:: Provided material ::
________________________

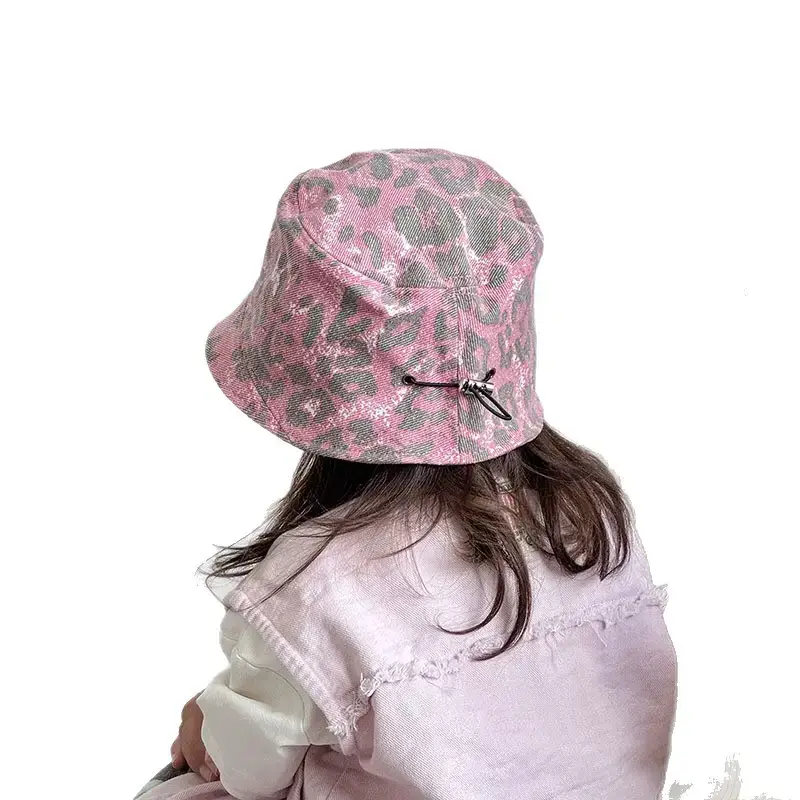 Korean Style Duckbill Beret for Kids Spring Autumn - Image 11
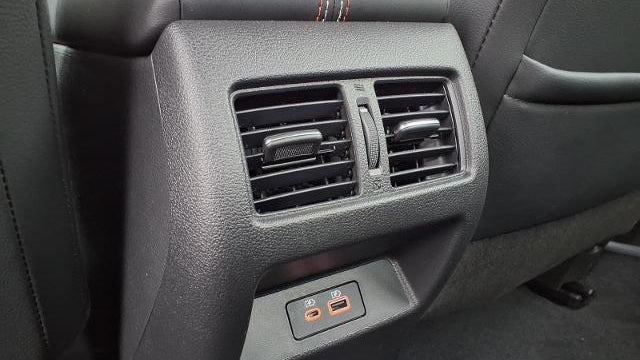 2024 Nissan Altima 2.0 SR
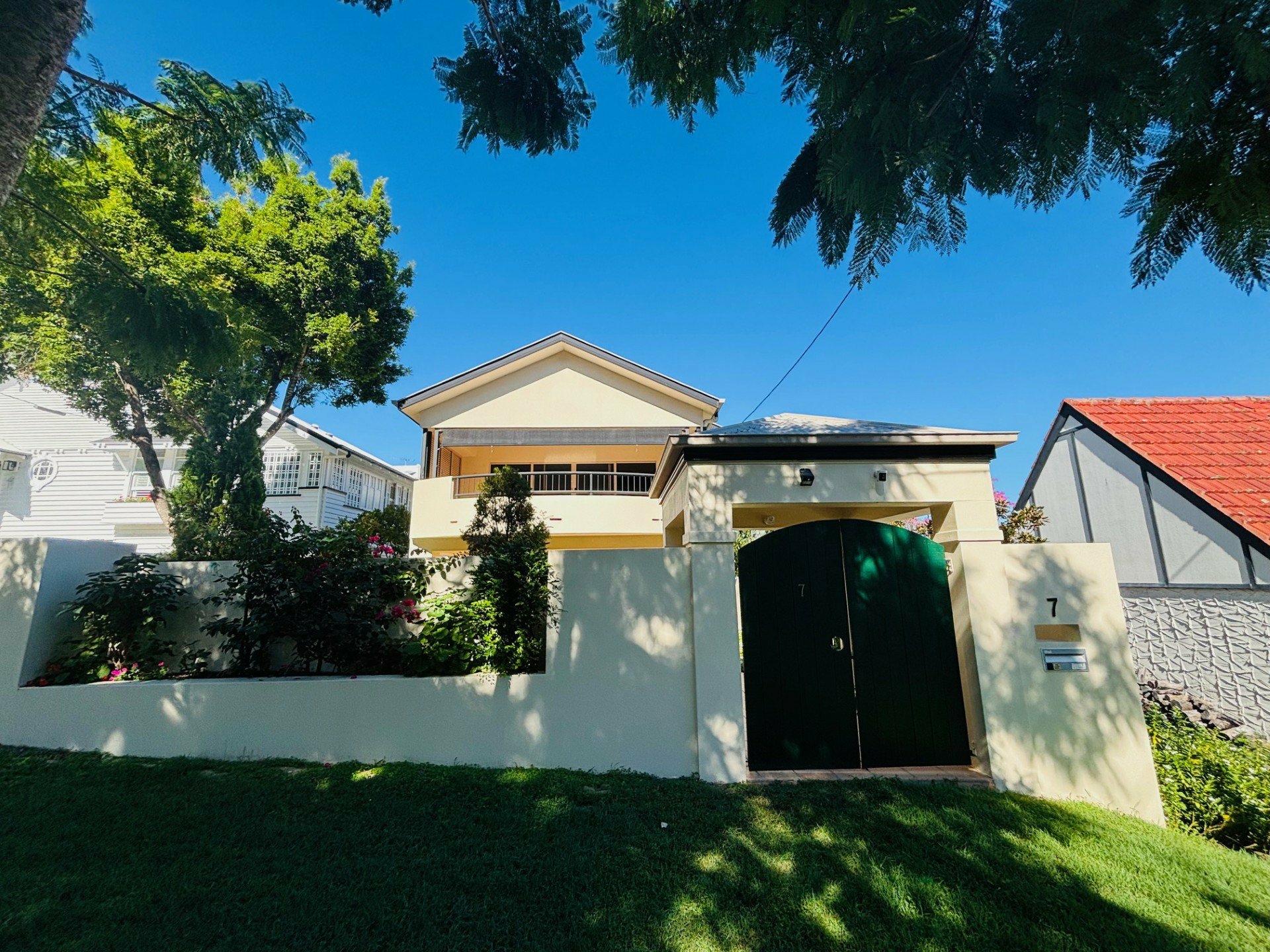7 Rees Street, CLAYFIELD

________________________

:: Work to complete ::
Make an exact copy of the lines from the one holding "2024 Nissan Altima 2.0 SR" through the end of the material, both ends included, and keep the pictures out of it.

:: Response ::
 2024 Nissan Altima 2.0 SR
7 Rees Street, CLAYFIELD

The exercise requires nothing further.